本稿では、出場したロボットの紹介と初日のファーストミッションをレポートします。

目次

メンバー紹介
出場ロボット
事前準備
ファーストミッション
ファーストミッション成績
ロボットミーティング

後編目次

ファイナルミッション
競技を振り返って
ファイナルミッション成績
総合成績

チームメンバー紹介

キャプテン
齋藤佑一君(電子工学科3年)
スピーカー
森口貴博君(メディアコンピュータシステム学科4年)
プレゼンテーション資料
↑プレゼンテーションデータをpdfファイルに変換したもの
1号機オペレータ
齋藤佑一君(電子工学科3年)
2号機オペレータ
上野晃裕君(応用化学科4年)
3号機親機オペレータ
高橋裕一朗君(情報工学科2年)
3号機子機オペレータ
中島誠君(メディアコンピュータシステム学科4年)
チーム間通信
立花勢司君(OB)
レスコンボード管理
立花勢司君(OB)
ヘルパー
池澤良介君(機械工学科4年)

出場ロボット

1号機:リフ太

フォークリフト式ハンド搭載。
先端部でガレキ除去。
ダミヤンをしっかりと守る。

2号機:モン太

門型構造で路上のガレキを跨いで走行。
扇型救助&ガレキ除去ハンドで、ダミヤンの上にあるガレキを除く。同時にダミヤンを落下物から保護する役目も担う。

3号親機:WANDA

家型ガレキ専用子機搭載ロボット
フラップは四方に展開できる。
内部は広く、救出したダミヤンを搬送する。

子機:BOSS

小型ツインアーム搭載。家型ガレキ専用小型ロボット。
自由度の高い2本のアームでガレキ除去。
手先のピンチでダミヤンの洋服を摘み、救助する。
ダミヤン救助の動画(WMV形式 12.0MB)

家ガレキ対策

今年追加された家ガレキ対策として、3号機を製作しました。子機のBOSSは、家ガレキの中に侵入できるサイズです。上記写真のように自由に動く両腕で、ダミヤンの洋服を摘み、ダミヤンに負荷を与えることなく救助します。

ダミヤン個体識別対策

今大会では、ダミヤンの胸につけられたマーク、目のLEDの色や発光パターン、音声の周波数やパターンでダミヤンの個体を識別することが課題に加わりました。救命ゴリラ!チームは、各ロボットに搭載されているカメラで、胸のマークを読み取る方式を採用しました。慌ただしい救助活動中に見落とす場合もあると考え、マークは静止画で保存し、再確認できるようにしました。

チーム紹介用資料

チーム紹介資料
 ※審査員用の資料として競技会直前に実行委員会に提出したデータ

事前準備

競技会には、前日にロボットを搬入し試走で最終調整をきっちり行って挑みました。ロボットには、起動時のチェック項目を貼ってあり、競技開始前にはメモを確認しながら確実に最終チェックが行えるよう万全を期しました。

ファーストミッション

初日の8月8日は、ファーストミッションが行われ、過去最多の19チームが出場しました。ここで上位4位にはいれば、翌日のファイナルミッションへの出場権を得ます。救命ゴリラ!チームは、午後に行われた第6競技に、レスコン工房と一緒に出場しました。

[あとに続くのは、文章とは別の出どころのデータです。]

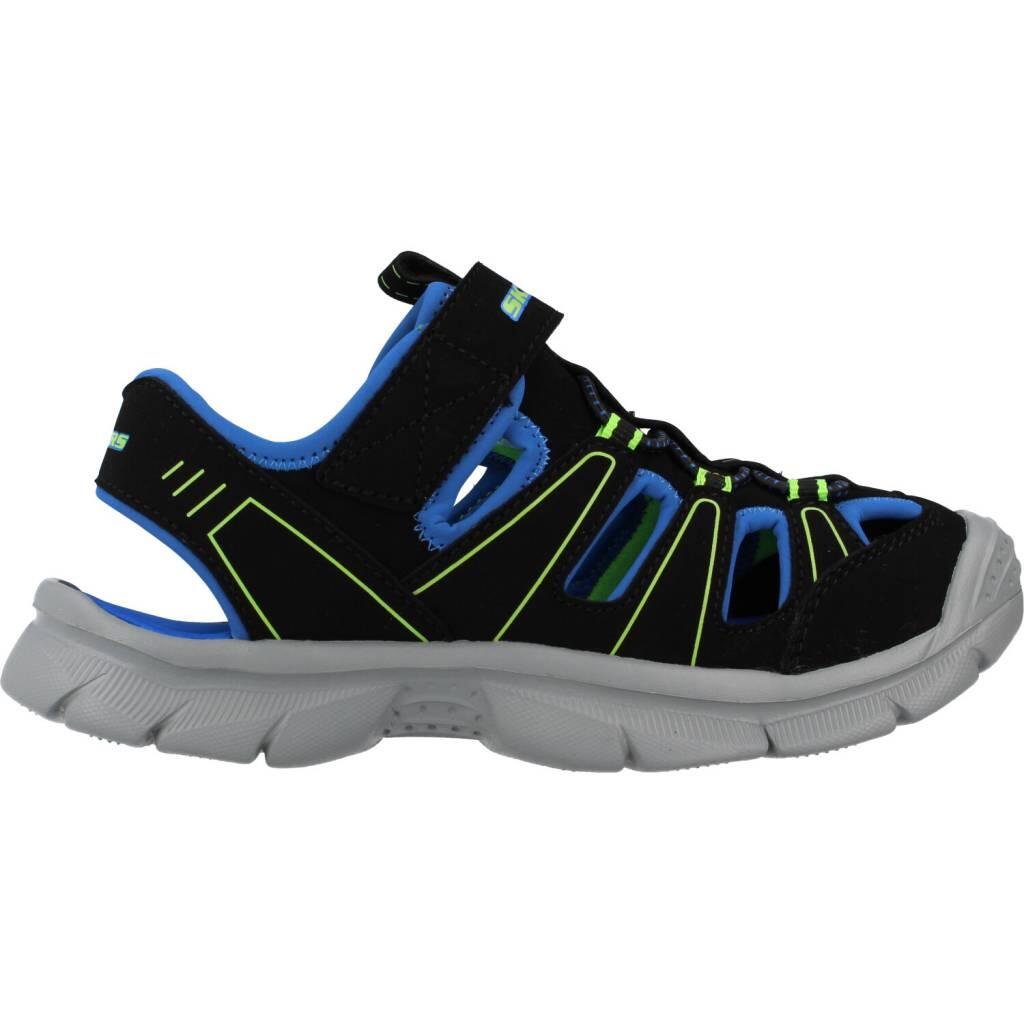 Sandalias Niño Skechers Relix Negro 4/5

3号機が、緑ダミヤンと紫ダミヤンの2体を救出と大活躍。3号機は子機が狭所に潜り込み救助活動をするコンセプトなので、フィールド中央の家ガレキに急行し緑ダミヤンを救出しました。ピンチ部分を何度も改良した甲斐があり、しっかりとダミヤンをフォールドして安全に素早い救助ができました。

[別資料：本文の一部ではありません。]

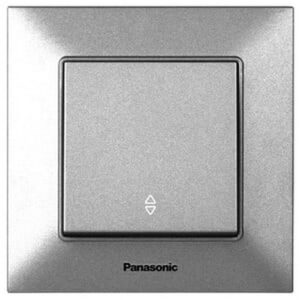 Intrerupator cap scara cu o clapa Arkedia Slim Panasonic. Argint.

その間に、2号機が坂の上でオレンジダミヤンを救助しました。1号機が紫ダミヤン救出に向かう予定でしたが、電源トラブルで動かないというアクシデントが発生! 急遽、緑ダミヤンの搬送を終了した3号機が現場にとって返し、紫ダミヤンの救出にあたりました。

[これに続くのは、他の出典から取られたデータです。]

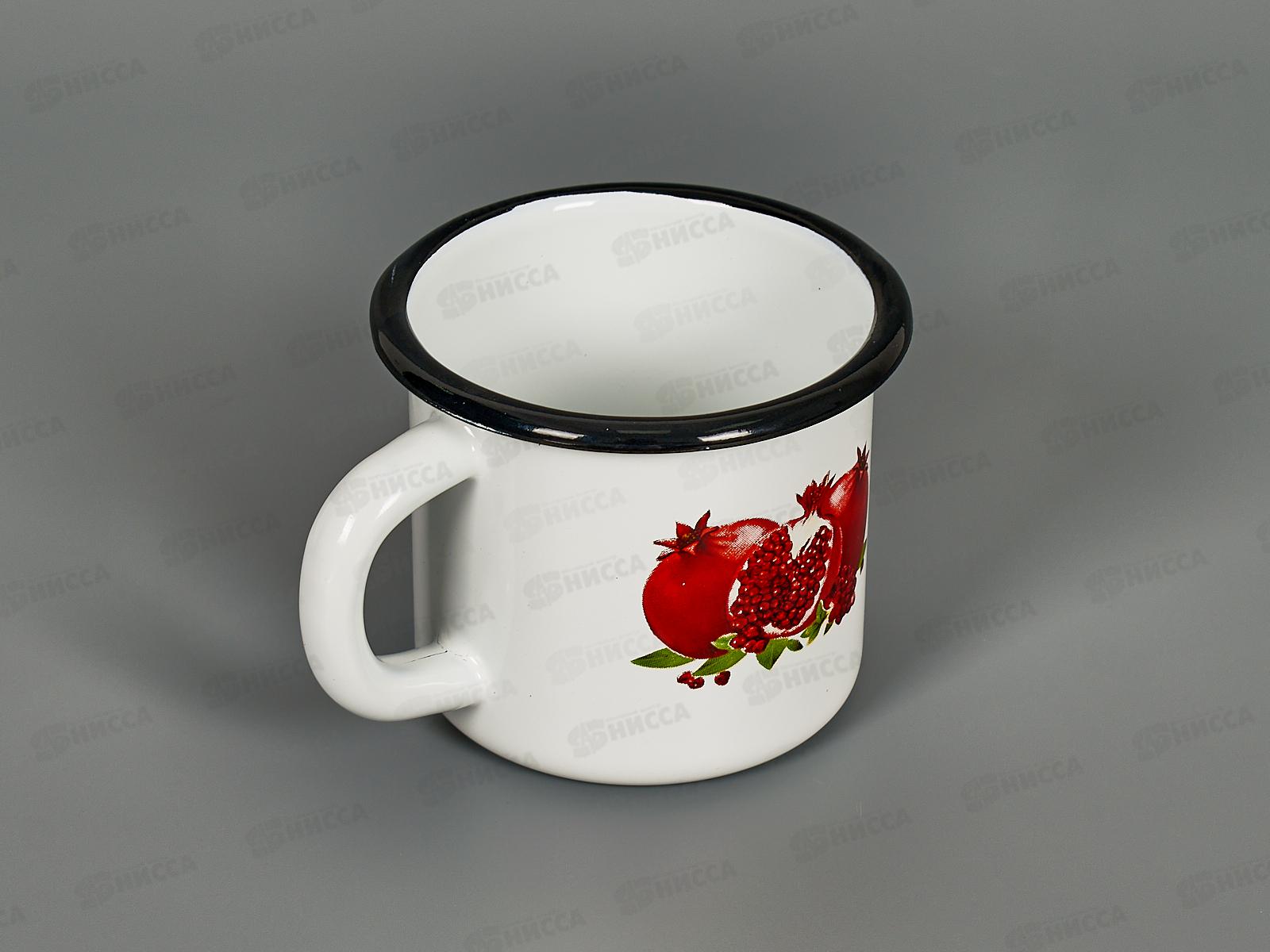 Кружка 0,25л эмалированная с рисунком 01-0102/4 *80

紫ダミヤンの上には細かいガレキが乗っていましたが、子機の手先をつかいちゃんと取り除いて安全確保してから救助することができました。

思わぬアクシデントがあったものの、無事に3体のダミヤンを時間内に救出できました。ファーストミッションの結果は、確定ポイント234で19チーム中3位の成績でした。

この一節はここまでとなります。